International Law and Domestic Gender Justice: Why Case Studies Matter
37 Pages Posted: 8 Apr 2011
Date Written: April 7, 2011
This paper reflects on the relationship of feminist-informed developments in international criminal law (ICL) to the gender outcomes of domestic processes of transitional justice. The paper identifies a distinct critical-reflective turn in feminist scholarship in international criminal law, and offers a four-way typology of these more recent feminist critiques of ICL, namely: ICL as legally deficient; ICL as sexualizing and infantilizing women; ICL as silencing individual women and women’s movements more broadly; and feminist engagement with ICL as hegemonic and imperialist. The paper notes the move in feminist ICL scholarship away from a concern with the impact of ICL norms on domestic cases of transition.

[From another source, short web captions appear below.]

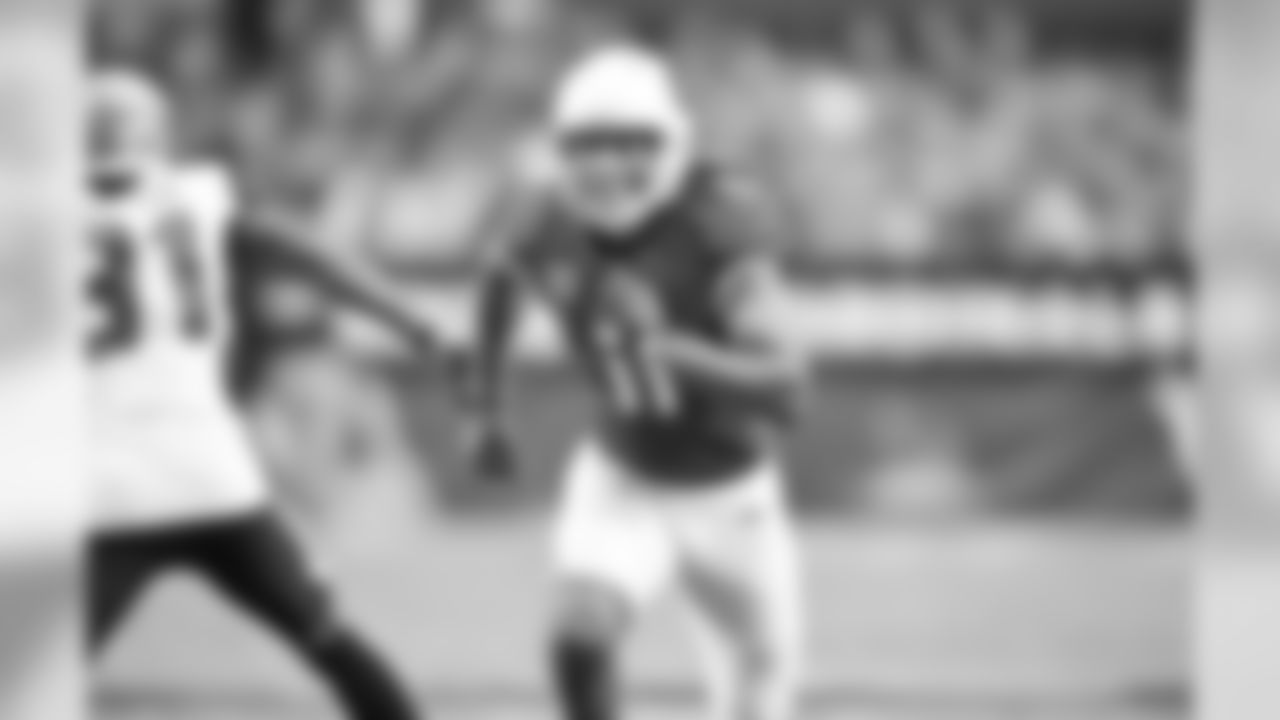 WR Larry Fitzgerald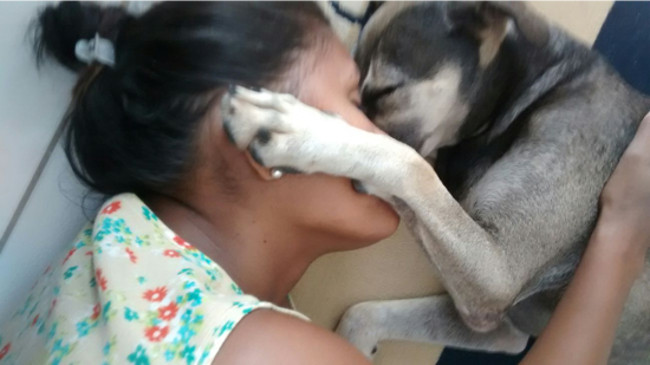 Após 7 meses, recifense reencontra cão em feira de adoção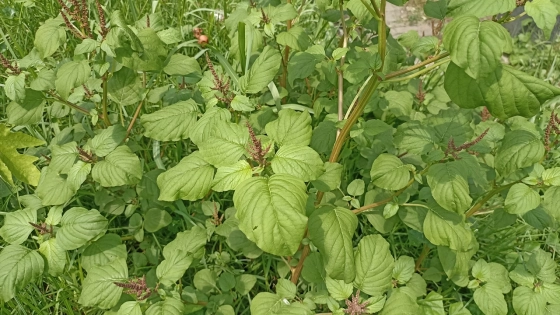 পুষ্টিগুণে সমৃদ্ধ বুনো সবুজ নটেশাক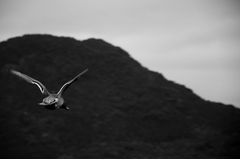 滑空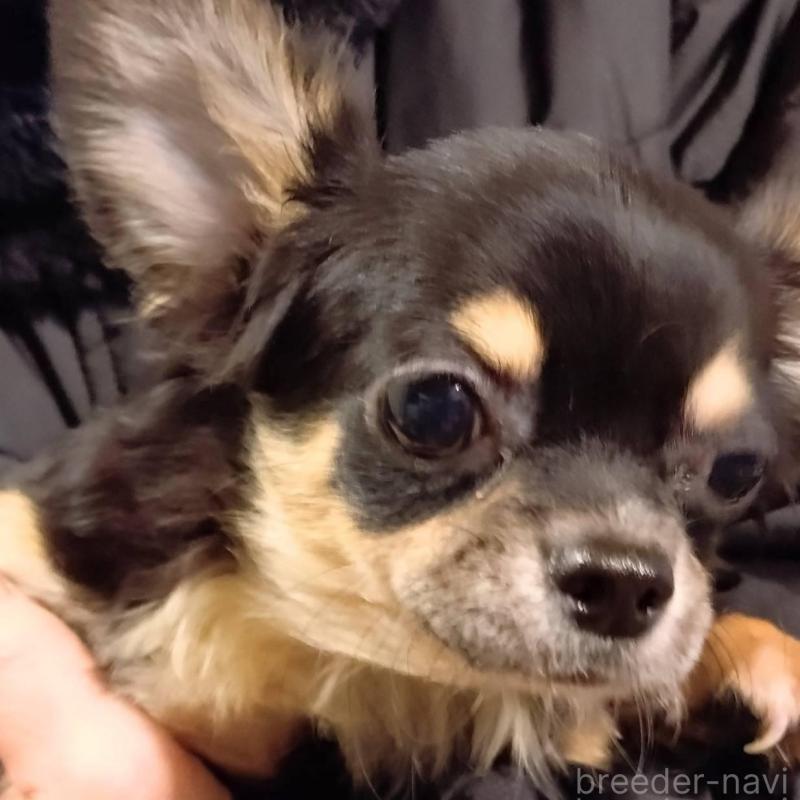 販売中の大阪府のチワワ(ロングコート)-427483の1枚目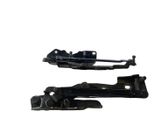 Tailgate/trunk/boot hinge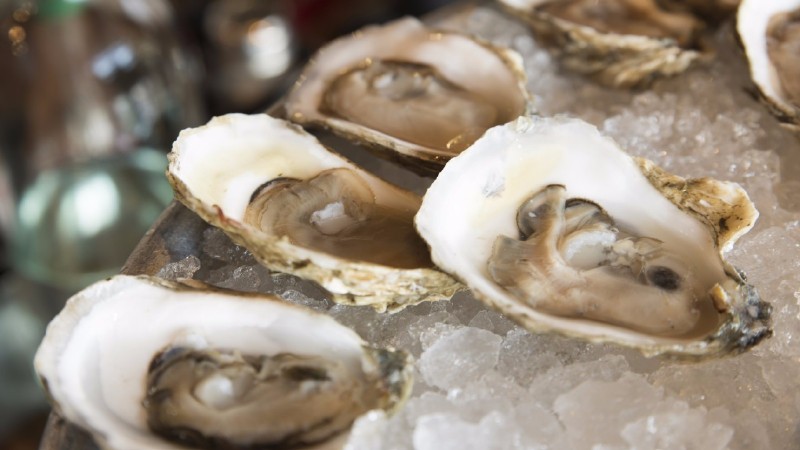 海蛎子的秘密,牡蛎的趣闻科普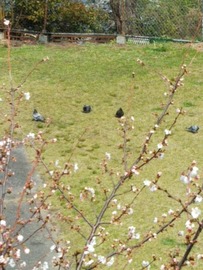 270x360桜と鳩106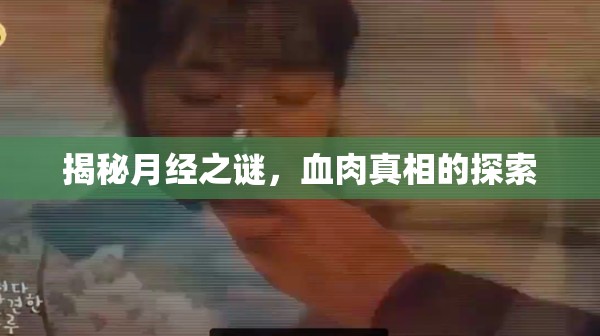 揭秘月經(jīng)之謎，血肉真相的探索
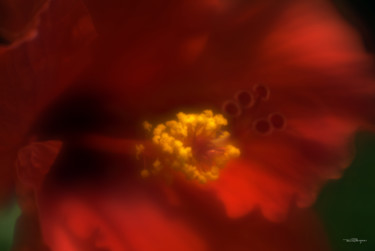 Photographie intitulée "Red Hibiscus" par Travis Burgess, Œuvre d'art originale, Photographie numérique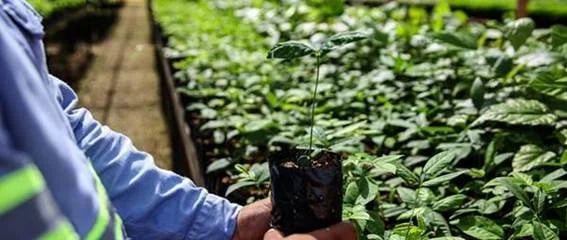 HYDRO AVANÇA NA RESTAURAÇÃO AMBIENTAL E REFORÇA COMPROMISSO COM A DESCARBONIZAÇÃO NO PARÁ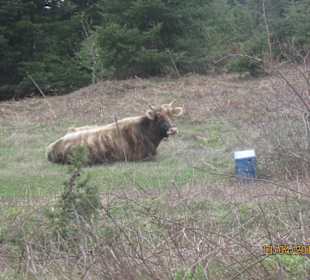 Ein Gr. Oxer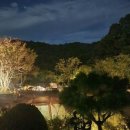 산속정원캠핑장 이미지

The paper then draws on the Chilean case in order to consider the impact of evolving international legal norms on the official recognition of harms experienced by women under the dictatorship. I argue that attention to the impact of international legal norms on domestic instances of transition might go some way to re-grounding feminist critical-reflective scholarship of ICL, moving away from more abstract critiques at the international level, to applied critiques at the domestic level of gender and transitional justice. Moreover, attending to the domestic impact of international legal norms might provide grounds for greater optimism in the evaluation of the feminist-informed changes in ICL over the past decade and a half.